The meta-ennui of modern life: reviewer reviewing reviews of reviewers

"It will most likely sound better on your computer than on a cassette anyway."
I'm going to take a moment to address a very weird phenomenon ramping up this year: critical articles about critical writing. While there have always been critics of culture assessing broad trends in society, including art criticism, it seems like the relatively new "click bait" style of 'net writing lends itself to more faux-provocative pieces, with obnoxious headlines to draw people into what usually turn out to be very shallow overviews. And I'm compelled to take a moment to point out that I think these articles are really poisonous, while amusing myself with the notion that I somehow find myself writing a critical article about critical articles about critics. If you can vibe on that, follow me into this weird Matrix for a moment...

Here are a few examples of the articles irritating me in the last few months: Has Music Criticism Degenerated into Lifestyle Reporting? This article makes some valid points, but of course deeper forms of criticism still exist--it's what I try to nurture with this blog, and there are many other blogs that continue to write with both grace and precision: Decoder, Tome to the Weather Machine, and Guide Me Little Tape are three of my favorites, and there are many more. The economic reality is that in-depth writing about relatively obscure music doesn't sell advertising or papers or whatever, so it's retreated to a largely volunteer community of deeper writers and readers. Besides, it seems obvious that the broader issues in the article permeate so much more than music journalism that narrowing the focus to produce an article seems mostly useless. The same goes for The Pernicious Rise of Poptimism, which serves mostly as an extension of the "Lifestyle Reporting" piece, although it proposes that mainstream music journalism has become more pedestrian than coverage of other forms of art/culture. Perhaps that's marginally true, but again, it's an issue of profit--you can cover a new restaurant or a new weird-ish movie, and your advertisers will still hang on.
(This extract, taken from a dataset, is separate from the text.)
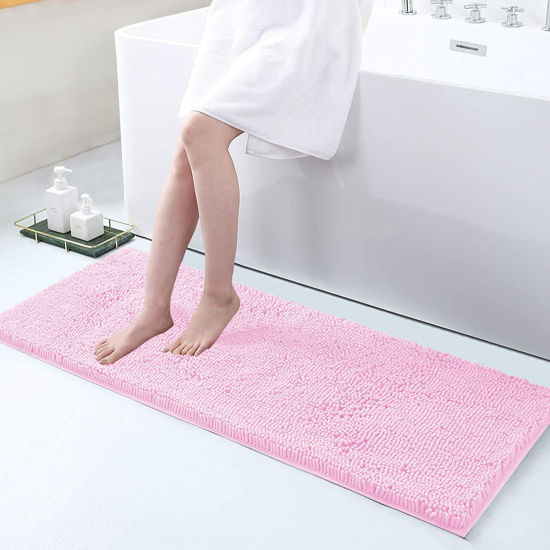 Picture of Smiry Luxury Chenille Bath Rug 47''x17'', Extra Soft and Absorbent Shaggy Bathroom Mat Rugs, Machine Washable, Non-Slip Plush Carpet Runner for Tub, Shower, and Bath Room, Pink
The Village Voice probably runs these kinds of things with tongue firmly in cheek, but it's still disappointing to read tripe like "Stop Using These Cliches When Writing About Music." I'm sure this sort of thing is a fun way to get your kicks when P4K puts your resume in the trash, but seriously. "Growers" exist, for example--that ridiculous rule tells me more about the shallow and inflexible listening habits of the article's author than anything about the nature of music. "Weak points" exist--they're describing points along the timeline of the music, not sportsball scores. This stuff seemed so lame that I couldn't imagine anyone taking it seriously, yet it floated around the social media sharing circle for a while, and we're all the poorer for whatever conversations it started on such shaky ground.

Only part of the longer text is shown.